All right, I'll try to talk more sensibly now. But, still, I wish you could have heard that fabulous opening pianissimo from the strings, which seemed to emerge from the Other Side (the same effect was achieved later at the beginning of the "Lux Aeterna" movement). You just don't hear soft playing like that every day, and subtlety is always harder to produce -- and often far more rewarding -- than gung-ho power. That exceptionally delicate sound, filled as it was with great import, signaled, to me at least, that the orchestra was locked already onto Eschenbach's wave length, was already trying hard to give him what we wanted.
Not that he didn't unleash brute force as well, and draw from the NSO and superb Washington Chorus an equally involved response in the process. The iconic "Dies irae" explosions shook the place, for example; the great crescendo in the "Rex tremendae" passage likewise had visceral impact.
Throughout, Eschenbach's
masterful sense of line, his way of ensuring that phrases developed organically, generated affecting results. His tempos were flexible, allowing room for rubato and some very emotionally charged expansiveness. The surefire Last Judgment call, with its antiphonal brass forces, seemed even more compelling than usual, thanks to Eschenbach's spacious, detailed approach (and some spot-on players). The closing measures of the score were molded with a superb ear for musical drama.
Coodination among all the assembled masses slipped out of gear once in a while, as in the fugal activity of the "Sanctus," but there was never any doubt of Eschenbach's sensitive command. All evening, this was quite a demonstration of interpretive integrity and imagination, signaling that the Eschenbach era is going to be stimulating, at the very least.
In addition to all the admirable playing by the NSO on Saturday, the Washington Chorus (Julian Wachner, music director) offered carefully balanced, vividly articulated singing. It's impossible to overstate how strongly these first-rate choristers contributed to the experience.

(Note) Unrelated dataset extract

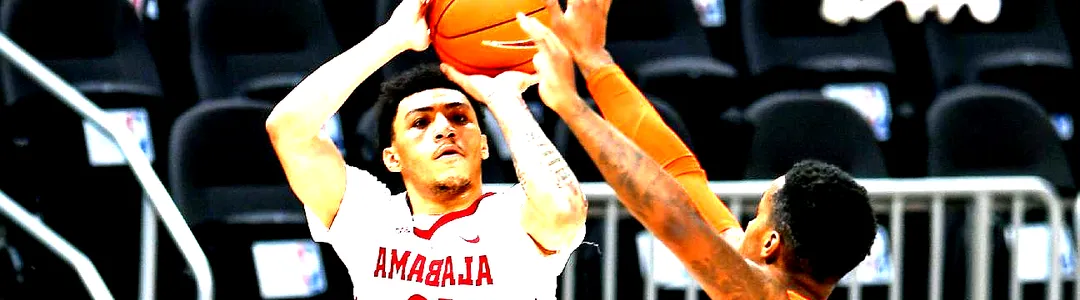 Pennsylvania Quakers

Alas, it was a different story with the guest artists. Presumably, Eschenbach chose (or at least sanctioned) the solo vocal quartet, and, presumably, he had good reasons at the time. I can't imagine he was thrilled with the results.
I wouldn't call any of the four singers ideal in terms of voice size and quality for this work; they all lacked the kind of heaven-storming, Verdian power and glint I like to hear in this work. But three did get the job done decently, with a good deal of basic musicianship and some ardent phrasing -- mezzo Mihoko Fujimura, tenor Nikolai Schukoff (his soft tones in the "Hostias" line of the "Offertorio" were especially effective), and bass Evgeny Nikitin (he has at his most imposing and persuasive in the "Cunfutatis").
Too bad the composer put so much responsibility on the soprano soloist. Twyla Robinson never sounded fully up to that challenge. Her tone was much too thin, for starters; this is a part for dramatic soprano (there's a reason some early critics of the Requiem complained that it was too operatic). Robinson had a few appealing moments, to be sure, but her top register often turned shrill and pitch-shy. Worse, she had an embarrassing choke on the high, pianissimo note in "Libera me." Since no announcement of indisposition was made, it's hard to understand so much technical unevenness.
That said, even this curious and unfortunate drawback could be put aside in the end, since so much went so well in a performance that was surely a harbinger of great things to come in Washington.